▶ **Task details**: Scan the data below and pick out the lines containing the word "colored".

##### Data for analysis

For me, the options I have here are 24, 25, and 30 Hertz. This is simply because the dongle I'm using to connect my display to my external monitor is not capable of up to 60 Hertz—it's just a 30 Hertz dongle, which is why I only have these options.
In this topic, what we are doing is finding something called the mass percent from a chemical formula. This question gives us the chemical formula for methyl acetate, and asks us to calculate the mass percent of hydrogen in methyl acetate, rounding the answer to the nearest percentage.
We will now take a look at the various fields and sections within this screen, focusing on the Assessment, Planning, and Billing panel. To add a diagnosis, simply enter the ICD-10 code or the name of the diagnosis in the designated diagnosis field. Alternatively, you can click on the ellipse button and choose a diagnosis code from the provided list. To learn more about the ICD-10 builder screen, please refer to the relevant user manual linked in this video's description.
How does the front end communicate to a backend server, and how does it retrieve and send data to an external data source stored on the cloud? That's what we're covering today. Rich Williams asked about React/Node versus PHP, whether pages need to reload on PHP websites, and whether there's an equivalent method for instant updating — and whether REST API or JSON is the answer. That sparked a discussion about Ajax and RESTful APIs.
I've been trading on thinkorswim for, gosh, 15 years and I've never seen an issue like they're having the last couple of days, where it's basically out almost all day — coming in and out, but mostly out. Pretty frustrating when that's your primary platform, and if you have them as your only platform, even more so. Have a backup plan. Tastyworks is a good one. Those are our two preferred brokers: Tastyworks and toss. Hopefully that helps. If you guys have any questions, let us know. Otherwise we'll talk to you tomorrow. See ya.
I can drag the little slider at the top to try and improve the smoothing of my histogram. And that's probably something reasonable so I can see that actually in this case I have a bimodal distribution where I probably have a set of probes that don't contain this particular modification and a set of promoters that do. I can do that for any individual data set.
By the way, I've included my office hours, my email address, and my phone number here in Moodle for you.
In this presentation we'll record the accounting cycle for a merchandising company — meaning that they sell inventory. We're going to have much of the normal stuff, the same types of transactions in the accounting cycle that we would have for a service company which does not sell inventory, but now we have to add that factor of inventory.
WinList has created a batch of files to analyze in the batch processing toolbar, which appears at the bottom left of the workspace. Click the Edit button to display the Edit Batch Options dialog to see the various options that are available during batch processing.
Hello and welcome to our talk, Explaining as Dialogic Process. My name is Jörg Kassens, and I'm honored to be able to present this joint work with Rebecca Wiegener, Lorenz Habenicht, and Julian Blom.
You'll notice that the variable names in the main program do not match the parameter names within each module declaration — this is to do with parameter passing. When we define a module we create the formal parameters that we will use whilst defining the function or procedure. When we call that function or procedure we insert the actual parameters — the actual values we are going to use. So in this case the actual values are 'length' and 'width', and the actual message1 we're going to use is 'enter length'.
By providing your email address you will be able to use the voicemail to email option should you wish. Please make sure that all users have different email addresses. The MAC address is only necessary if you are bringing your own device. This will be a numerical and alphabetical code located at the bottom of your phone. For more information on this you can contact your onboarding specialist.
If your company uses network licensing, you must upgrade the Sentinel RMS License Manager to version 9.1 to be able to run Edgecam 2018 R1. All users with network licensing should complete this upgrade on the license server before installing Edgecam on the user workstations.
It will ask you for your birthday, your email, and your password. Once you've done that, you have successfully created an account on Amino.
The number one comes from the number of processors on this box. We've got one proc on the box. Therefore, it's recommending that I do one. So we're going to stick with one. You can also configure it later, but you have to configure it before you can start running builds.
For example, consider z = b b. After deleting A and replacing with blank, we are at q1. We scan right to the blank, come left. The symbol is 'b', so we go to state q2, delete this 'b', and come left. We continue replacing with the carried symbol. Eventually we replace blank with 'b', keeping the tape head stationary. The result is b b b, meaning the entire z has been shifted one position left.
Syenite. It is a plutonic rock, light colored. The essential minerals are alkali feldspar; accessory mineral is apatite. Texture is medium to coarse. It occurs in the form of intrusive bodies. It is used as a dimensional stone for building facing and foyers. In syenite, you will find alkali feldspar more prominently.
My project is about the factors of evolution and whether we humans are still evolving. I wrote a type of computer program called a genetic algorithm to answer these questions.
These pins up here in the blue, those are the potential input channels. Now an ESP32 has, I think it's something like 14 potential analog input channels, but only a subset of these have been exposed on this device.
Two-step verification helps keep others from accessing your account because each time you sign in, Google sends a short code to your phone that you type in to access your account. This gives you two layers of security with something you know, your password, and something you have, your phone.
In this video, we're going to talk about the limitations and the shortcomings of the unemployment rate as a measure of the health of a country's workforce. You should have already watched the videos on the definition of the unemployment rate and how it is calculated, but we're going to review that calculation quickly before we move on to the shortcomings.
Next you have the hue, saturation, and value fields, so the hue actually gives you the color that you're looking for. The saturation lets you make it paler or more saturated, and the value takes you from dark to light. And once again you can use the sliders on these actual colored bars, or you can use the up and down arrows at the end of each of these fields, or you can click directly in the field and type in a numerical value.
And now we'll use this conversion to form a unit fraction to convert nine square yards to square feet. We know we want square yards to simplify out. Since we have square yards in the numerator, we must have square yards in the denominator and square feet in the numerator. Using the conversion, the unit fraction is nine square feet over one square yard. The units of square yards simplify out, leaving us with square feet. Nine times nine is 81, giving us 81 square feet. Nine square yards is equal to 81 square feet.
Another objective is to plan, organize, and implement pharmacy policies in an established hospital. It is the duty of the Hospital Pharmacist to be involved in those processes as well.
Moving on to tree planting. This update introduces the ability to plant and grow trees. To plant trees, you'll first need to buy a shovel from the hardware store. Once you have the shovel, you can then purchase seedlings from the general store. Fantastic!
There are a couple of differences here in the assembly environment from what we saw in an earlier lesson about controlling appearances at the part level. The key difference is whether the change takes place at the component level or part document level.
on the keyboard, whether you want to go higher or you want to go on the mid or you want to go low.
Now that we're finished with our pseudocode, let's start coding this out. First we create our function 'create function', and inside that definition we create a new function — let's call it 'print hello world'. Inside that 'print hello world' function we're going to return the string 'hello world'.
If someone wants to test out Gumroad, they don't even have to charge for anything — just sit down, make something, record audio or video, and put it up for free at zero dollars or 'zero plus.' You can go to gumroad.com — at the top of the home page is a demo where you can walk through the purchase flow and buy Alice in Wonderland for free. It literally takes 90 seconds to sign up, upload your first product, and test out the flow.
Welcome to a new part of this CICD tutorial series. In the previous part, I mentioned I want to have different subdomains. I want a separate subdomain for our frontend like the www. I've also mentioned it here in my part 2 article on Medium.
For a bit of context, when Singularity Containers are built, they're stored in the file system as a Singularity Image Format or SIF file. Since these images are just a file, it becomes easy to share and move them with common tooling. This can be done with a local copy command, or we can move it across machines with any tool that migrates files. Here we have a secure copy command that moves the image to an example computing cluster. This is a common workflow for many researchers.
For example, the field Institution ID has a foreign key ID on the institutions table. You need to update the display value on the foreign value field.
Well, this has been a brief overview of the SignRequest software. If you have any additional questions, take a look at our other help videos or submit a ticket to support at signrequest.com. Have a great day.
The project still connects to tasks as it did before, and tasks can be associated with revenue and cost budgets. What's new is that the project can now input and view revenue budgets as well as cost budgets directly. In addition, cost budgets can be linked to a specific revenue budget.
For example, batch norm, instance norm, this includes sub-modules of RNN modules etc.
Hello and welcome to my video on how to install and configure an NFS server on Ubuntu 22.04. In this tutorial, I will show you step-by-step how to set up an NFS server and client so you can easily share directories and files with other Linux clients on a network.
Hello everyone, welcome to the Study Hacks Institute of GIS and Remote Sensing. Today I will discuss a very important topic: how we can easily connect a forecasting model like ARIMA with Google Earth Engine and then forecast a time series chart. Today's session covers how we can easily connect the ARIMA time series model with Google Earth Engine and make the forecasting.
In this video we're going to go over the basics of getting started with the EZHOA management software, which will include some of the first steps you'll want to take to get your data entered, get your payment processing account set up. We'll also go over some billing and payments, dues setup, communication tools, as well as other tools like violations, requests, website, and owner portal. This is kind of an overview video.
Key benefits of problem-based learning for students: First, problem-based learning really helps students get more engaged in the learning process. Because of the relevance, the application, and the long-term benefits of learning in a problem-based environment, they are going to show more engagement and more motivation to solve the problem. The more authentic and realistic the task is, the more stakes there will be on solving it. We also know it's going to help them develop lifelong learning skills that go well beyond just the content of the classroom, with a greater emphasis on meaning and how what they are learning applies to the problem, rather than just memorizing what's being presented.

##########

▶ **Response to this task**:
Syenite. It is a plutonic rock, light colored. The essential minerals are alkali feldspar; accessory mineral is apatite. Texture is medium to coarse. It occurs in the form of intrusive bodies. It is used as a dimensional stone for building facing and foyers. In syenite, you will find alkali feldspar more prominently.
Next you have the hue, saturation, and value fields, so the hue actually gives you the color that you're looking for. The saturation lets you make it paler or more saturated, and the value takes you from dark to light. And once again you can use the sliders on these actual colored bars, or you can use the up and down arrows at the end of each of these fields, or you can click directly in the field and type in a numerical value.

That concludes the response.